The data.
_ _ _ _

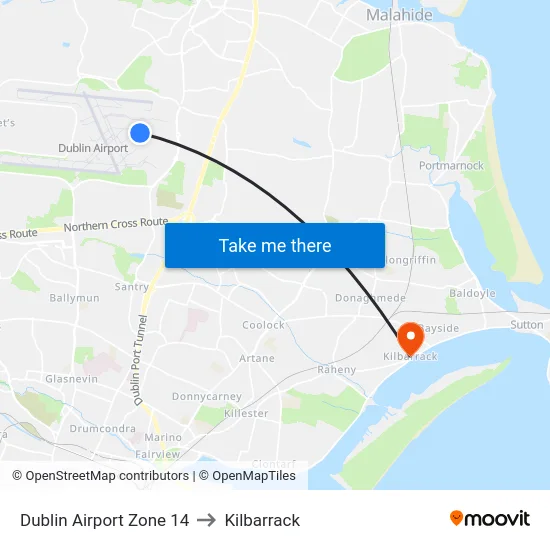 Dublin Airport Zone 14 to Kilbarrack map
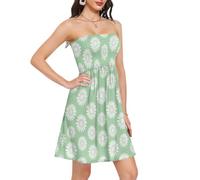 BCFHRGT Abito estivo da donna con margherite, verde salvia, stile boho, floreale, per l'estate, la spiaggia, le vacanze, Fiori Margherita Verde Salvia Boho Floreale, M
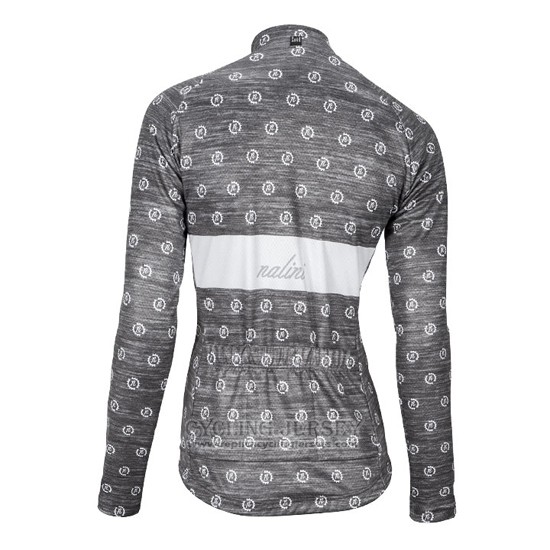 2016 Cycling Jersey Women Nalini White and Gray Long Sleeve and Bib Tight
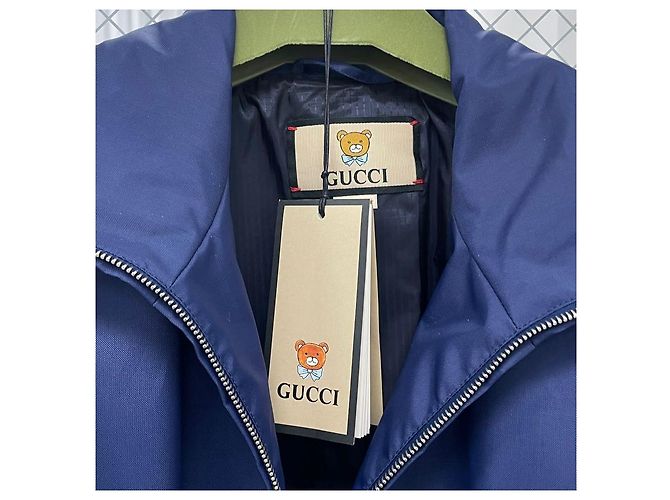Gucci Felpa con cappuccio e zip Kai Blu - vista 4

_ _ _ _

Emit the lines of the data above from the one containing "2016 Cycling Jersey" through its final line, both endpoints included. Pictures do not belong in the output.

Reply to the task.
 2016 Cycling Jersey Women Nalini White and Gray Long Sleeve and Bib Tight
Gucci Felpa con cappuccio e zip Kai Blu - vista 4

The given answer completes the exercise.